Dinozorların Yok Oluşu Üzerine Yeni Bulgular
Paleontolojide, 66 milyon yıl önce bir bahar gününde Dünya’ya çarpan bir asteroitin dinozorların kaderini nasıl etkilediği hakkında uzun süredir devam eden bir tartışma mevcuttur. CNN International’da yayımlanan bir habere göre, bu sorunun yanıtını bulmak amacıyla bir araştırmacı ekibi, Kretase döneminin sonundaki kitlesel yok oluştan 18 milyon yıl öncesine odaklanarak Kuzey Amerika’nın zengin fosil kayıtlarını incelemeye karar vermiştir.

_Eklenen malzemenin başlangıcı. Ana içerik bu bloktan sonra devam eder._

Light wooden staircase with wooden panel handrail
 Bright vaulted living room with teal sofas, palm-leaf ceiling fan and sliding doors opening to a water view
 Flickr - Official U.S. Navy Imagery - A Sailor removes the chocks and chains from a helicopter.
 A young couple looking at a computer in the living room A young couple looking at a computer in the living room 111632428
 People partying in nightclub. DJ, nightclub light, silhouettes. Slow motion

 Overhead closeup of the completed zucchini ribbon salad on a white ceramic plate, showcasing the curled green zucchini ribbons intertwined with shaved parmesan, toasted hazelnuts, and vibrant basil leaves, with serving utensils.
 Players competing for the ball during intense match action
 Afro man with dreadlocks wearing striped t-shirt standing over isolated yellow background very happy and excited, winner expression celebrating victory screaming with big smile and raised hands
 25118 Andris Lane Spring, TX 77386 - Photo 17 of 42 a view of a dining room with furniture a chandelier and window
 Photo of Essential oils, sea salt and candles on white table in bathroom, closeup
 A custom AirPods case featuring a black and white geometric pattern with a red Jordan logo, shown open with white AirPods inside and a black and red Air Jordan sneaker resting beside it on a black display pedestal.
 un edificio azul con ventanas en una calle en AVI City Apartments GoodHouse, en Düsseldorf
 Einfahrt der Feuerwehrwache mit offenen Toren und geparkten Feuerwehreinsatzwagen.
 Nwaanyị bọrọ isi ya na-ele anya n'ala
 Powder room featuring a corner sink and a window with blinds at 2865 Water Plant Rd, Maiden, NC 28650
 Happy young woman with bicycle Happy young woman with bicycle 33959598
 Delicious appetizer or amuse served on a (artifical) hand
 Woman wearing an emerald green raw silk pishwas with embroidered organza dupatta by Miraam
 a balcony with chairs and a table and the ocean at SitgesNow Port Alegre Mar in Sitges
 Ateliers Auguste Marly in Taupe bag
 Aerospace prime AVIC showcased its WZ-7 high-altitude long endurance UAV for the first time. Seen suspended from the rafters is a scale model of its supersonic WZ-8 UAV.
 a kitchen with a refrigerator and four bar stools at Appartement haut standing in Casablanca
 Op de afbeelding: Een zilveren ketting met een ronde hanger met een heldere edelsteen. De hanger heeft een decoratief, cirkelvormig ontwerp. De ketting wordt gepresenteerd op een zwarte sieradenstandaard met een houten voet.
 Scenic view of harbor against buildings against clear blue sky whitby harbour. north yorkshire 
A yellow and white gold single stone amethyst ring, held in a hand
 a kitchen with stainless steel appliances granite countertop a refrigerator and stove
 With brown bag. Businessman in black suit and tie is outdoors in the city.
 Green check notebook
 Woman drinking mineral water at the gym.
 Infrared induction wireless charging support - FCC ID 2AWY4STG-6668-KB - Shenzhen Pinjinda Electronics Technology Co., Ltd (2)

Current Biology dergisinde yayımlanan bu yeni analiz, dinozorların asteroitin ölümcül çarpmasından önceki dönemde oldukça sağlıklı bir durumda olduklarına dair artan kanıtlar sunmaktadır.
İlk bakışta, o dönemden itibaren yapılan incelemeler, 8 binden fazla dinozor türünün sayısının yaklaşık 75 milyon yıl önce zirveye ulaştığını, ancak asteroit çarpmasından önceki 9 milyon yıl içinde belirgin bir azalma yaşandığını göstermektedir.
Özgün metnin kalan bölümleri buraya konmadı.